A node refers to a running instance of Elasticsearch, which can be running on a physical or virtual. Nodes are where the data resides on Elastic Search. In production, each VM or container will be a dedicated node.

Node Roles

A node can have one or more roles.

Master Node - Performing clusterwide actions. This mainly includes creating and deleting indices. A node with this role will not automatically become the master node (unless there are no other master eligible nodes)

node.master: true | false

Data Node - This node enabled a node to store data. Data node enables storing data and performing queries on that data

node.data: true | false

Ingest Node - Enables a node to run ingest pipelines. Ingest pipelines are a series of steps that are performed when indexing documents.

node.ingest: true | false

Cooridnation Role - Coordination refers to the distribution of queries and the aggregation of results

Cluster

When a node starts up either it will create it’s own cluster or it will join an existing cluster. An elastic search node will always be part of a cluster. An Elasticsearch cluster is a collection of nodes, which are responsible for storing data.

Document

Each unit of data you store in your cluster is called a document. Documents are JSON documents containing fields and value. When you index a document, the original JSON object that you sent to Elasticsearch is stored along with some metadata that Elasticsearch uses internally.

Indexes

Every document within Elasticsearch is stored within an Index. An index groups documents together logically, as well as provide configuration options that are related to scalability and availability.

Sharding

Sharding is a way to sub-divide indices into smaller pieces. Each piece is referred to as a Shard. Sharding is done at the index level. Each shard is an independent index in terms of storage, each shard is an Apache Lucene index. Shard is configured at the index level.

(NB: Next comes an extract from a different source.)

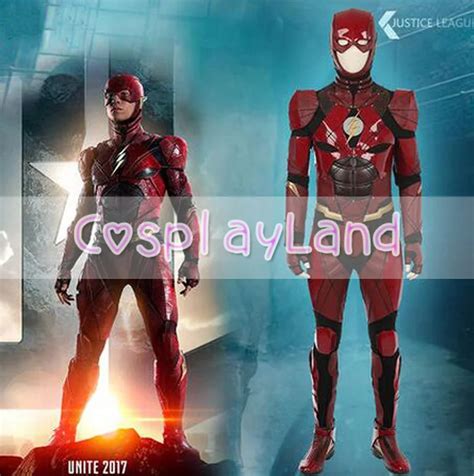 Justice League Flash Cosplay Costume Red Leather Suit Superhero Halloween Costumes For Adult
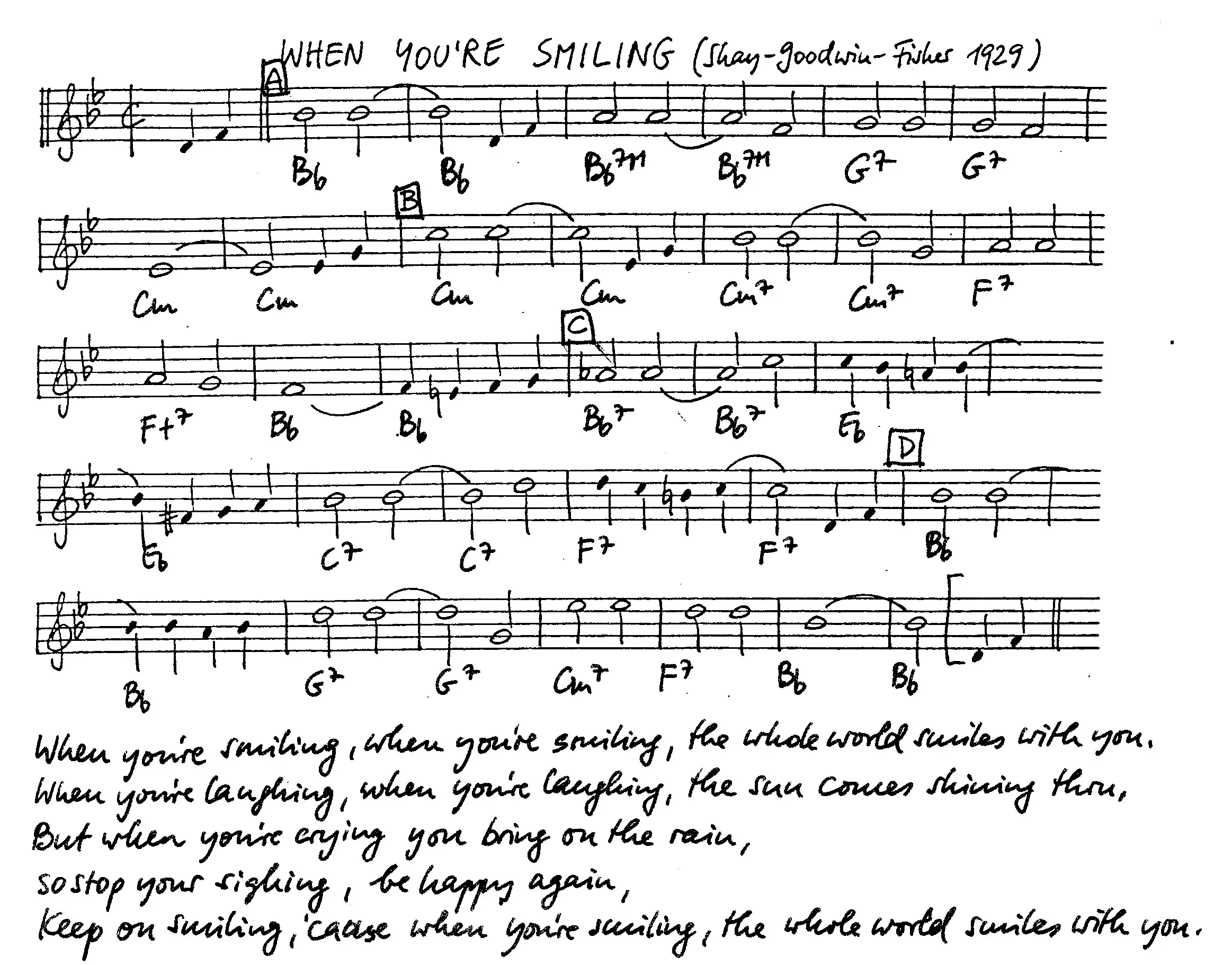 when you're smiling. Free Jazz Leadsheet, courtesy of The Jungle Jazz Band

The main purpose is to horizontally scale the data volume to be able to store more documents. Sharding also helps in improved performance by parallelization of queries increases the throughput of an index. Index defaults to 1 Shard

How many Shards are Optimal ?

It depends on various factors:

  • No of Nodes and their Capacity
  • No of Indices and their Size
  • No of queries

Replication

Elasticsearch supports replication for Fault tolerance. Replicaiton is configured at the index level. Replication works by creating copies of shards, reffered to as Replica Shards. A shard that has been replicated is called a primary shard. A primary shard and its replica shards are referred to as replication group. Replica shards are a complete copy of a shard. A replica shard can serve search requests, exactly like its primary shard. Replication helps in increasing availability of data if nodes go down.

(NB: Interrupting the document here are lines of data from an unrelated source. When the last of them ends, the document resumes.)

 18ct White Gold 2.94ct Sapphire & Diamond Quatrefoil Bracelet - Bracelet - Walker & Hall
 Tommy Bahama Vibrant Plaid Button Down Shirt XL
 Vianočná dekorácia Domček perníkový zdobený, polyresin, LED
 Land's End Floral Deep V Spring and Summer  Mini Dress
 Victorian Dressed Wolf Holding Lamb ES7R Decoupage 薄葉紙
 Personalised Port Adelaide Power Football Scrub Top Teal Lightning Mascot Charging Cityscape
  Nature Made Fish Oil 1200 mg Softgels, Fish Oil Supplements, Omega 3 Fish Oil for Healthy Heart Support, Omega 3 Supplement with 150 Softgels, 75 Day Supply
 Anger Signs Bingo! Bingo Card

Replication can also help increase throughput. Replica shards of a replication group can serve different search requests simultaneously, this increases the number of requests that can be handled at the same time. Elasticsearch intelligently routes requests to the best shards. CPU parallelization improves performance if multiple replica shards are stored on the same node.

By Default, 1 Primary Shard and 1 Replica Shard are added for an index by default.

Choosing number of replica shards ?

  • Replicate shards once, if data loss is not a disaster
  • For critical systems, data should be replicated at least twice

Snapshots

Snapshots can be used to restore to a given point in time. Snapshots can be taken at the index level, or for the entire cluster. Snapshots are commonly used for daily backups whereas replication ensures that indexes can recover for node failure.